Franz Joseph van der Grinten, significant Beuys collector and co-founder/donor
of the Museum Schloss Moyland, Bedburg-Hau, December 13th 2013:
“I like these works (Mendiola’s three piece hommage to Joseph Beuys). They take up thoughts of Beuys and they do so in a conclusive manner. At the same time the objects stand for themselves as Mendiola’s statements and hit their marks. This is very nicely done.”

Dr. Magdalena Broska, art historian,
academic head of the Adolf Luther Foundation, Krefeld, June 25th 2013:
“The collage is quite absolutely the media of our time, because the past is not really past anymore. Everything is present media-wise, available almost unrestrictedly, and Mendiola knows how to make use of it. Historically aware to a high degree and in a typical postwar German way thinking international, he has it all at his command from the Enlightenment to German Romanticism and to Dada, on to the Beatnik literature, Blues and Bebop Jazz up to the Romanticism of the Woodstock era and the topical pseudo-matter-of-factness. They all cause and penetrate each other. When he composes his pictures in a collagist’s manner, he not only transfers motives from different sources into new contexts, he also thinks and feels simultaneously in various epochs, cultures and currents of art, blends them with stylistic assurance and refracts them with a wide awake view on the present through the prima of Surrealism. This way he creates pictures of emotional power and condensed atmosphere.“

Prof. Klaus Staeck, famous German poster artist,
Principal of the Academy Of Arts, Berlin, March 22nd 2013:
“I think Mendiola’s works, for instance ‘Autobahn Deutschland II – Germany in Search Of The Super Mobber’ or the ‘Captain On The Bridge’, turn out very well, and so does the ‘Reversal Chair’ (prototype).“

Rheinische Post Krefeld, April 28th 2012:
“A ‘Stimulating deceleration’ brings a cup of espresso and a swimming turtle together in one picture. …‘The Eye Pervading The Wall’ the 58 year old artist has called his show with plenty of associations on his mind. Mendiola plays with conceptions, he does not really run his head against a wall, but the alert eye penetrates walls without effort getting into colorful rooms of fantasy. ... In ‘Politics’ a canon shoots eyeballs. In ‘God’s Houses’ a synagogue, a mosque and a church are sinking into snow.”

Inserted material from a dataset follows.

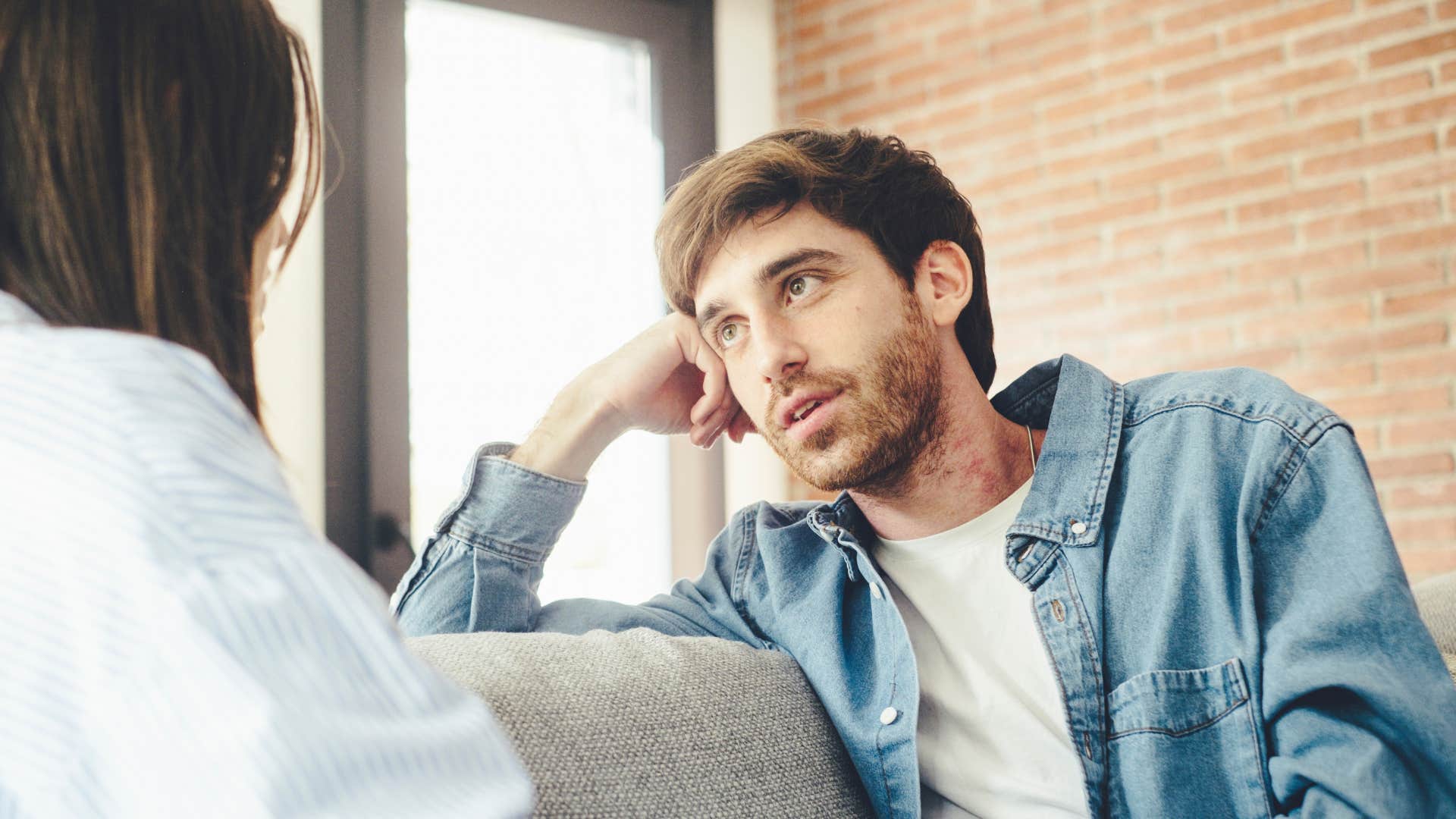 man pretending to pay attention telling partner that happened to me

Westdeutsche Zeitung, Krefeld, Nov. 14th 2011:
“Surreal window views” is the title of … Mojo Mendiola’s exhibition. The 27 works are characterized by colorful aesthetics, the pictures’ language is inspired by Jazz.”

Rheinische Post, Krefeld, May 14th 2011:
“The traces of Psychedelic Art can’t be overlooked, neither Mendiola’s predilection for Gauguin’s juicy colors. But other than the Frenchman who painted tropical paradises, Mendiola pictures social criticism. There’s a crowd of young men at the Café Groppi, a once well known hangout of Cairo intellectuals, showing a card board sign reading ‘demo-cracy’, with the word broken. On a different picture an African musician is shown with a machine gun’s muzzle pointing at his temple. … A finer type of irony is at work when Mendiola … makes a helpless monkey look through the window upon a headless man at the computer.”

Westdeutsche Zeitung, Kempen, Sept. 18th 2010:
„Strong colors meet with ironical hints. Titles like ‘She’s Trying To Kiss Him’ or ‘No Hand – One Foot’ stimulate the observer’s fantasy.”